Dorian blieb auf einem Plateau stehen, wo der endlose See aus Schnee begann. Das von der Sonne glitzernde Weiß bohrte sich wie Nadeln in seine Augen.
„Steig ab", forderte er Tarja auf.
„Kannst du nicht mehr?"
„Das kann man so sagen." Nachdem sie sich von seinem Rücken gewunden hatte, sah er ihr ernst in die Augen:
„Tarja, du bist nicht gut für mich. Ich habe dir geholfen, weil ich Mitleid hatte und weil ich dachte, uns würde etwas verbinden. Ich habe mich geirrt. Du bringst mir den Tod! Wäre ich doch allein gegangen, ich würde mich lieber von Räubern umbringen lassen als von der Polizei! Du hast mich gezwungen, das Monster zu werden, das ich nie sein wollte!" Nicht er redete, sondern das Monster. Dorian hätte nicht die Selbstsicherheit, um sich gegenüber einer Mächtigeren zu behaupten. Und sie war mächtiger, weil sie über sein Sein oder Nichtsein entschied. Ihre Kraft konnte ein Leben in Sekundenschnelle auslöschen, seinen Körper in Asche verwandeln, als ob er nie existiert hätte.
„Adis, es tut mir Leid. Ehrlich. Ich dachte, wir würden damit durchkommen."
„Du hast mein Leben zerstört! Deinetwegen bin ich nun ein gesuchter Krimineller! Flucht vor der Staatsgewalt wird mit mindestens einem Jahr Gefängnis geahndet. Also geh. Verlass mich und suche nicht nach mir. Ich werde zurückkehren und versuchen, nach Quoia zu gelangen. Die Polizisten kennen nur diese Gestalt. Als Mensch werden sie mich nicht erkennen. Ich habe also noch eine Chance. Du nicht mehr. Ich weiß nicht, wo du hingehen kannst, meinetwegen dorthin, wo der Pfeffer wächst. Lass mich einfach in Ruhe!"
„Wenn wir erst einmal in Syca sind, wird alles besser! Du kannst dort machen, was du willst, dir einen Job suchen oder zum Zirkus gehen. In Acadia wirst du gesucht und früher oder später gefunden. In Quoia auch, weil du dort Verwandte hast. Syca ist sicherer. Die Beziehungen der Länder habe ich nämlich zerstört. Acadia vertraut uns nicht mehr."
„Sie wissen, dass wir dorthin wollen! Sieh es ein. Du kannst nirgendwo hin. Deine Zeit ist vor 31 Jahren abgelaufen. Du hast keinen Ort mehr in dieser Welt." Er ging weiter. Vor, nicht zurück. Wenn er jetzt wieder hinabstieg, würden die Polizisten ihn verdächtigen. Er würde für ein paar Tage in Syca untertauchen und dann über einen Umweg nach Quoia ziehen.

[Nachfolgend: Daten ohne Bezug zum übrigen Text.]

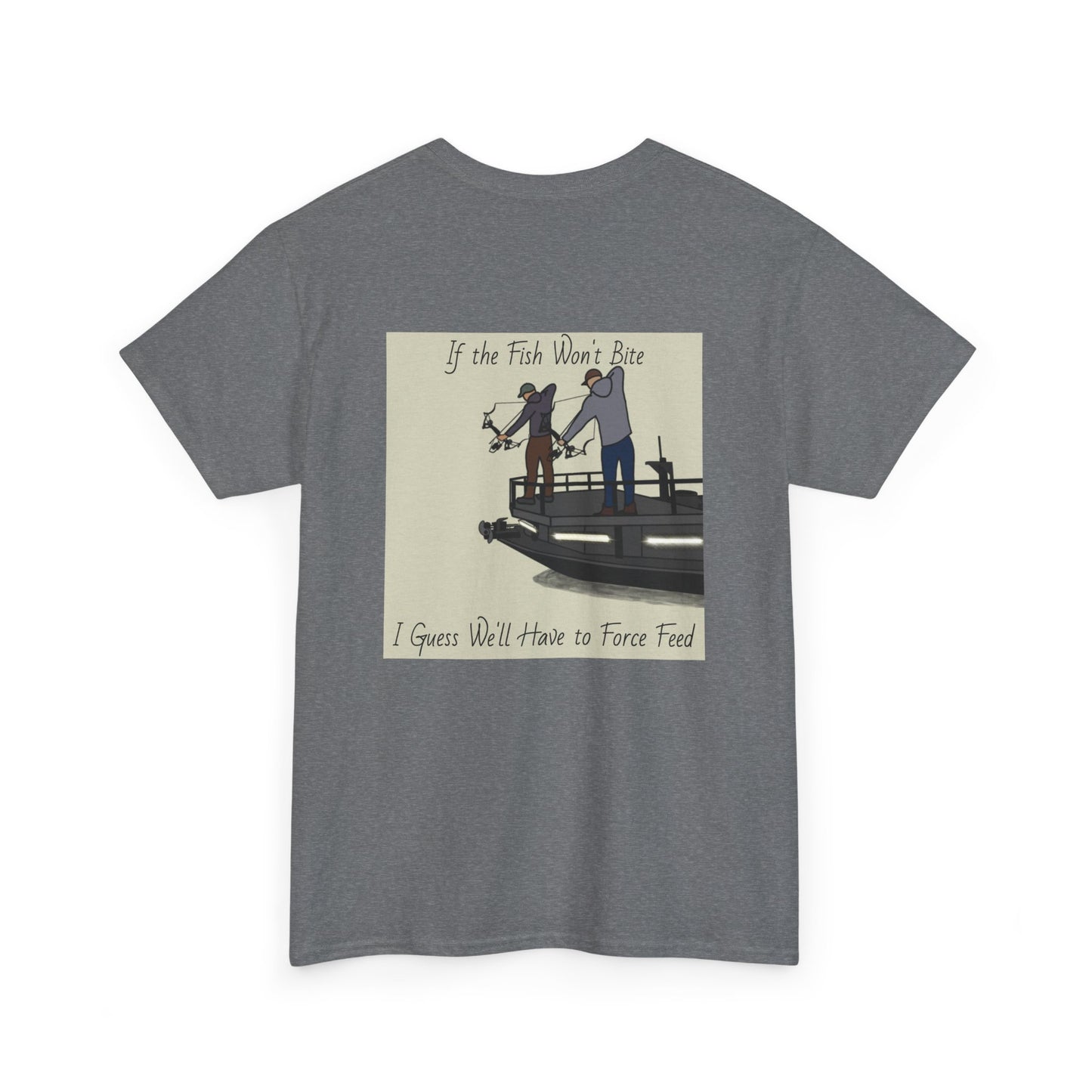 Bow fishing and MW Model - Unisex Heavy Tee Shirt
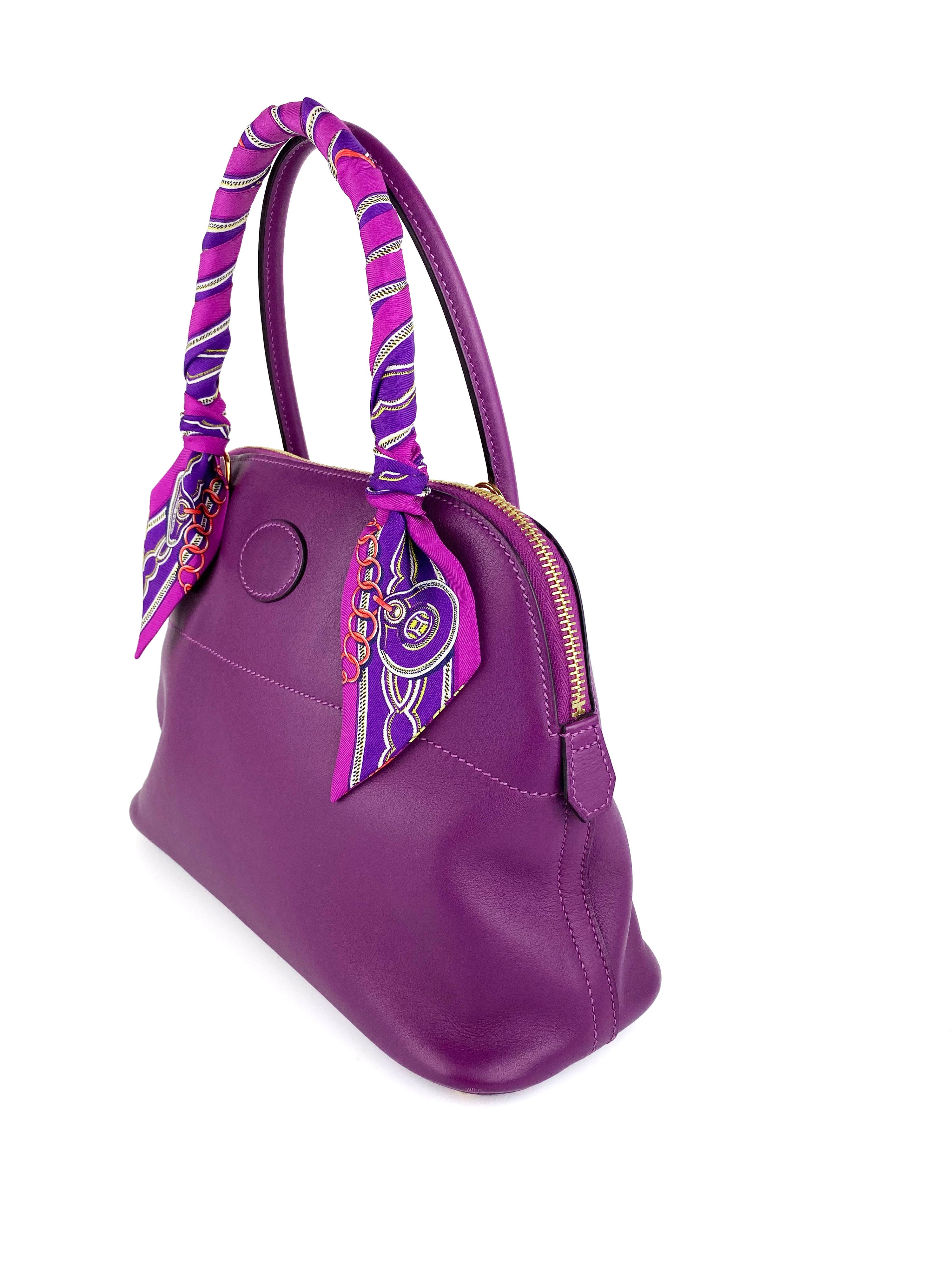 Hermes Purple Bolide 27 Bag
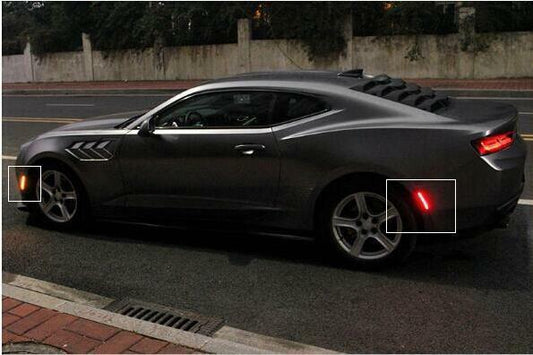 for Chevrolet Camaro 16-20 LED Front Rear turn signal Daytime running lights 4X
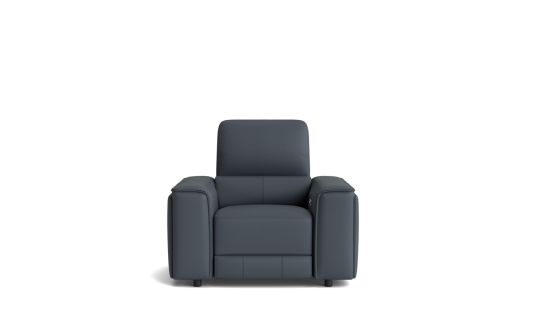 Manly electric recliner with electric telescopic headrest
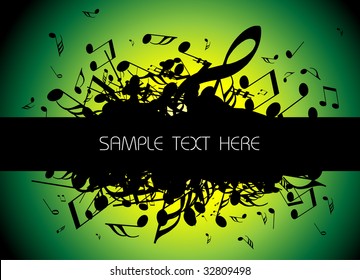 musical background with place for your text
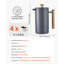 French Press Coffee Maker 34 oz Stainless Steel French Coffee Press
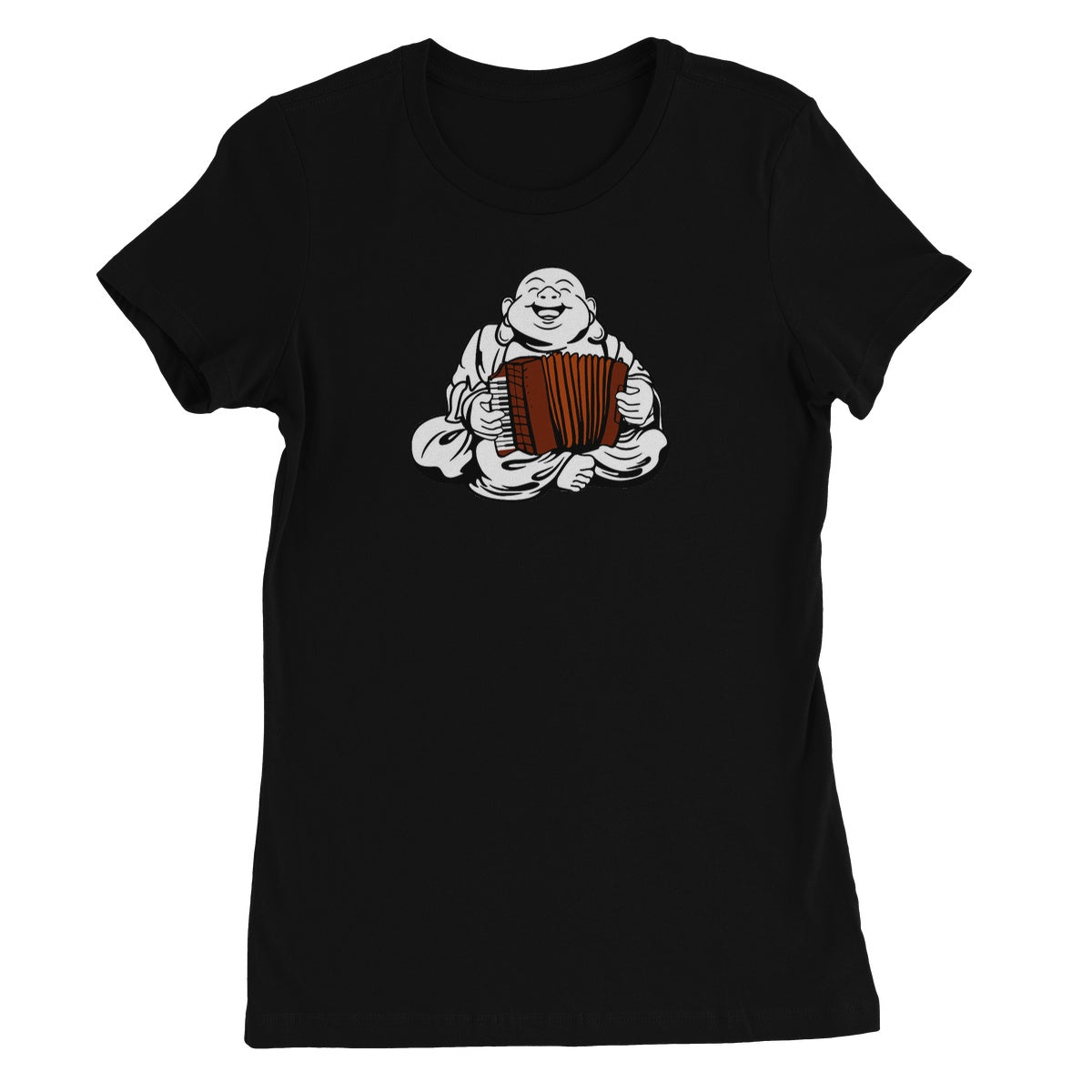 Accordion Playing  Buddha Women's T-Shirt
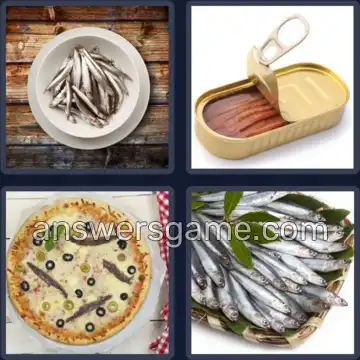 4 Fotos 1 Palabra 7 letras ANCHOAS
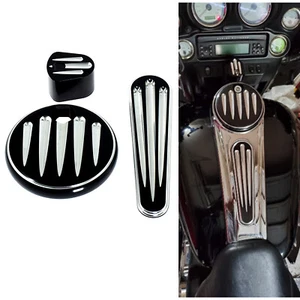 Kraftstoff Tank Tür Dash Track Einsatz Zündung Kappe Für Harley Touring 2008-13 - Picture 1 of 11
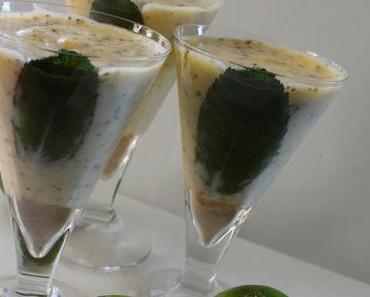 Mousse au citron parfum mojito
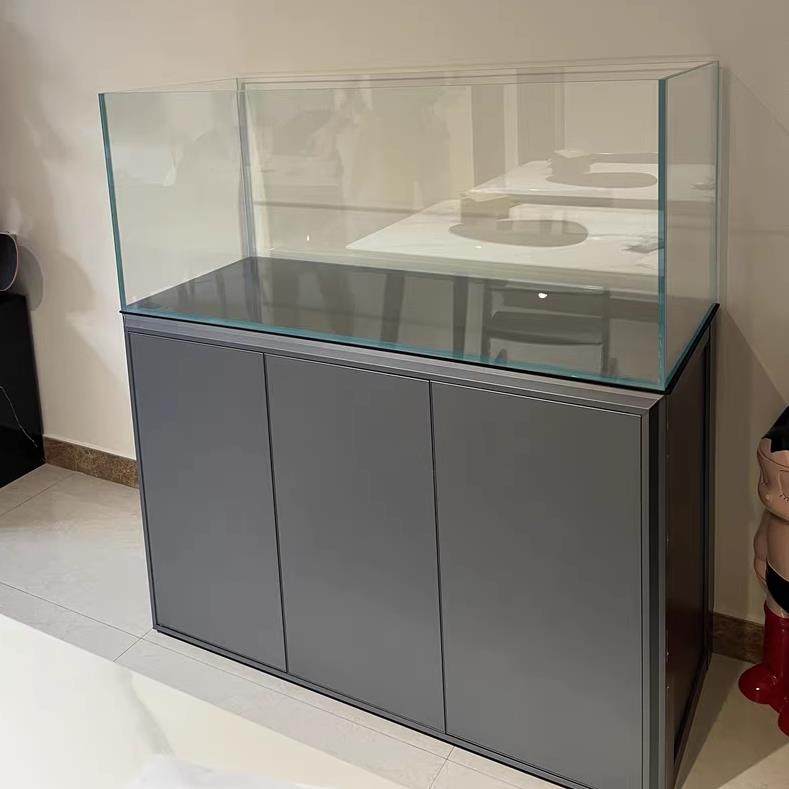 工业风铝合金鱼缸底柜玻璃门鱼缸柜草缸地柜底滤专用海缸底座定制,淘宝优惠券,粉丝福利购,淘宝优惠卷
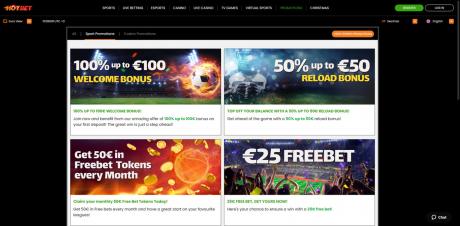 Hot.bet Casinos Homepage
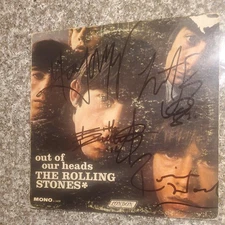 SIGNED ROLLING STONES ALBUM (OUT OF OUR HEADS, 1965) BY FOUR MEMBERS!!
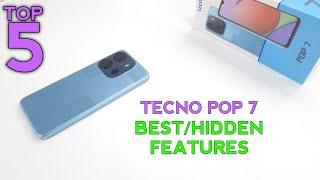 Tecno Pop 7 Top 5 Best/Hidden Features | Top 5 Secret Tips And Tricks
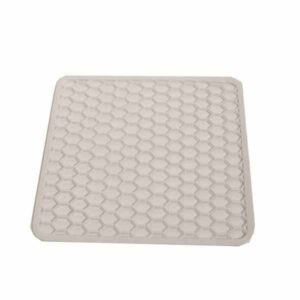 Tappeto Lavello Fori Esag. Bianco 41x32     Silgom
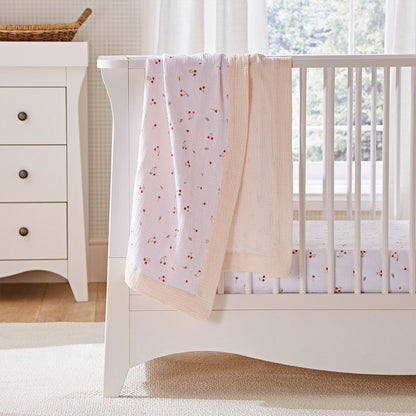 CuddleCo Comforter Blanket - Ditsy Cherry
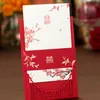 (100 teile/los) Liebe Vogel Rote Pflaumenblüte Chinesische Hochzeitseinladungskarte Personalisierte Druck Glück Karten XQ1604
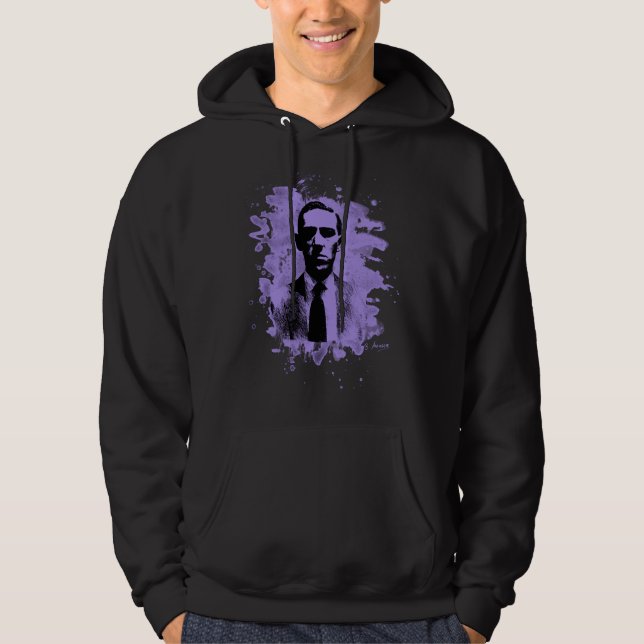 H. P. Lovecraft Tribute (violet) Hoodie (Vorderseite)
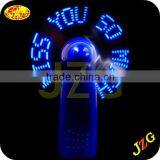 Battery-Operated Message Flashing Led Mini Fan Led Fan thumbnail-6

„Wo gehst du hin?", fragte sie ihn.
„Keine Ahnung. Nach vorne."
„Dann komme ich mit."
„Nein."
„Du hast allein in diesem Gebirge keine Chance. Ich bin in den Bergen aufgewachsen. Ich weiß, wie man hier überlebt. Ich kann ein Feuer machen."
„Wenn ich schnell laufe, bin ich am Abend da."
„Sieh dir an, wie die Sonne steht! Es ist bereits Abend! Willst du im Dunkeln weiterlaufen und dir den Fuß brechen? Oder gleich alles, wenn du abstürzt? Du magst übermenschliche Kräfte haben, aber selbst du schaffst dieses Gebirge nicht an einem Tag. Siehst du die Hütte da hinten? Dort können wir übernachten."
„Sie ist sicher von Wintersportlern belegt."
„Nicht in dieser Gegend. Sie ist nämlich zu gefährlich dafür."
„Gefährlich? Warum hast du mich dann nicht aufgehalten?"
„Weil uns in einer gefährlichen Gegend keiner suchen wird. Unsere Verfolger denken, wir wollen unser Leben retten und nicht uns umbringen."